В роскошной гостиной, залитой теплом от огромного пылающего камина, рассевшись в мягком обшитом бархатом кресле, потягивая кофий с настоящим французским коньяком и ковыряя столовым ножиком вишневый пирог, Бучила по возможности кратко обрисовал ситуацию, особливо живописуя Васькину непомерную тупость и геройство одного скромного, готового на все ради друга и обманутого этим самым другом несчастного упыря.

– Значит, Шетень, – задумчиво произнесла Лаваль, дослушав рассказ. На коленях графини непринужденно разлеглась крупная черная кошка, не сводящая с Руха пристальный взгляд огромных желтых глазищ.

– Знакома с ним? – Бучила исподтишка показал кошке фигу.

– Колдовской круг узок, в нем всякий со всеми так или иначе знаком. Шетень силен и опасен. И мерзок.

– Даже по твоим меркам? – вскинул бровь Рух.

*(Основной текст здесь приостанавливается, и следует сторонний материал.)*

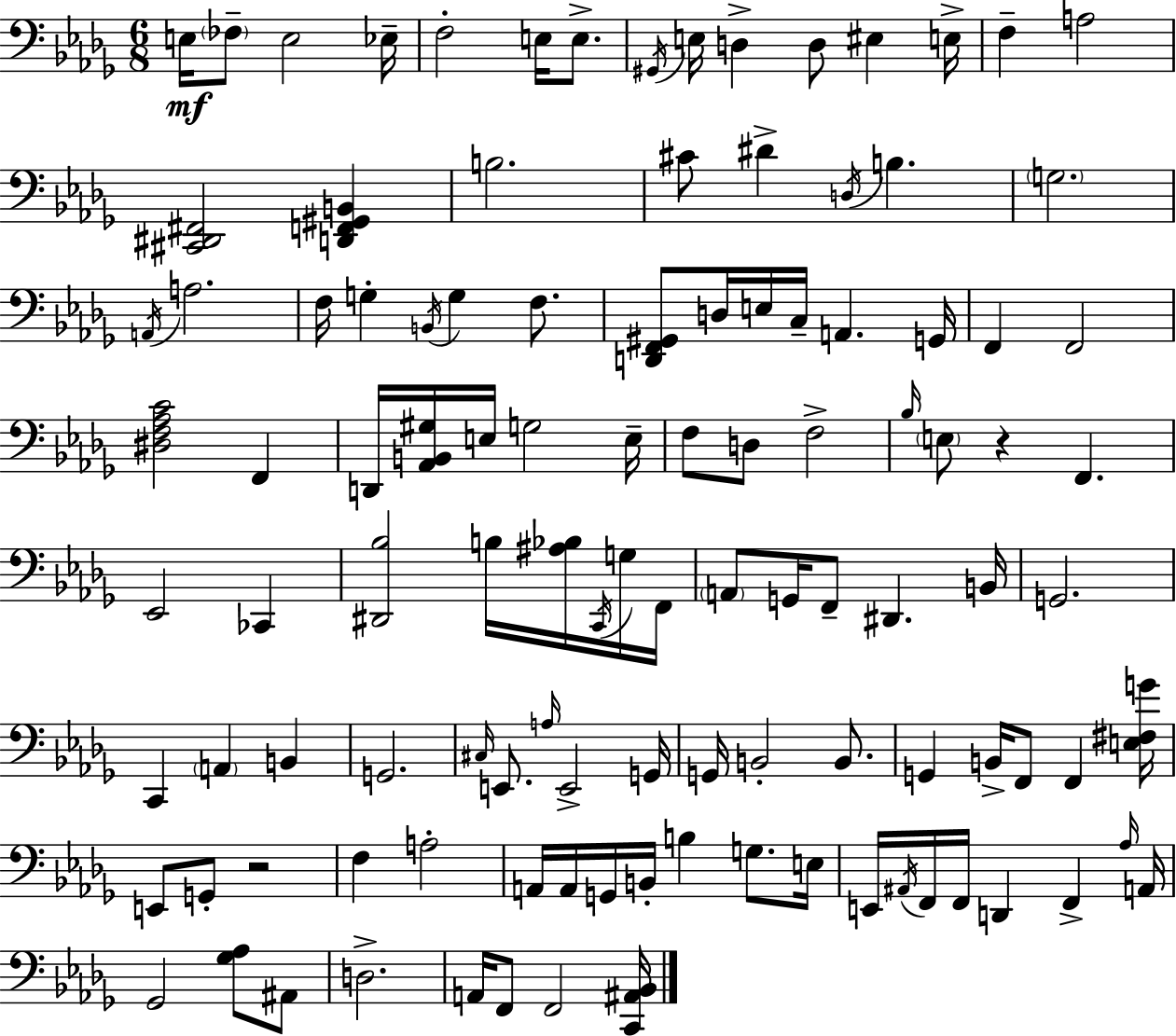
E3/s FES3/e E3/h Eb3/s F3/h E3/s E3/e. G#2/s E3/s D3/q D3/e EIS3/q E3/s F3/q A3/h [C#2,D#2,F#2]/h [D2,F2,G#2,B2]/q B3/h. C#4/e D#4/q D3/s B3/q. G3/h. A2/s A3/h. F3/s G3/q B2/s G3/q F3/e. [D2,F2,G#2]/e D3/s E3/s C3/s A2/q. G2/s F2/q F2/h [D#3,F3,Ab3,C4]/h F2/q D2/s [Ab2,B2,G#3]/s E3/s G3/h E3/s F3/e D3/e F3/h Bb3/s E3/e R/q F2/q. Eb2/h CES2/q [D#2,Bb3]/h B3/s [A#3,Bb3]/s C2/s G3/s F2/s A2/e G2/s F2/e D#2/q. B2/s G2/h. C2/q A2/q B2/q G2/h. C#3/s E2/e. A3/s E2/h G2/s G2/s B2/h B2/e. G2/q B2/s F2/e F2/q [E3,F#3,G4]/s E2/e G2/e R/h F3/q A3/h A2/s A2/s G2/s B2/s B3/q G3/e. E3/s E2/s A#2/s F2/s F2/s D2/q F2/q Ab3/s A2/s Gb2/h [Gb3,Ab3]/e A#2/e D3/h. A2/s F2/e F2/h [C2,A#2,Bb2]/s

– Даже по моим, – кивнула Лаваль. – Эта жирная скотина предлагала мне переспать. Представляешь, так и сказал: «Приезжай когда вздумается, покажу тебе настоящего мужика». Хам и грязное обрюзгшее животное. Половина новгородских чародеев и ведьм точит на Шетеня зуб, а вторая половина хочет убить. И все без исключения боятся его. Он увлекся магией душ, и сам знаешь, до добра это не доведет. А еще окружил себя умрунами.

– Куда Консистория смотрит?

– Новгород не Москва, здесь нельзя врываться без доказательств и пытать, пока доказательства не появятся. Может, расследование идет, а может, и нет, но пока Шетень творит то, что творит. Зря вы с ним связались.

– Это он связался, – наябедничал Бучила и ткнул пальцем в Ваську. Черт, устроившись у ног графини на подушке, хрустел печеньем и прихлебывал горячий взвар.

– Его нельзя за это винить, – возразила Лаваль и почесала Ваську под подбородком. – Диаболус ординариус, или, как они сами себя называют, – хайрулы, отличаются крайним любопытством, детской наивностью и посредственными умственными способностями, что вкупе неминуемо приводит к неприятным последствиям как для хайрула, так и для его окружения. Недаром есть поговорка – «Связался с чертом – пеняй на себя».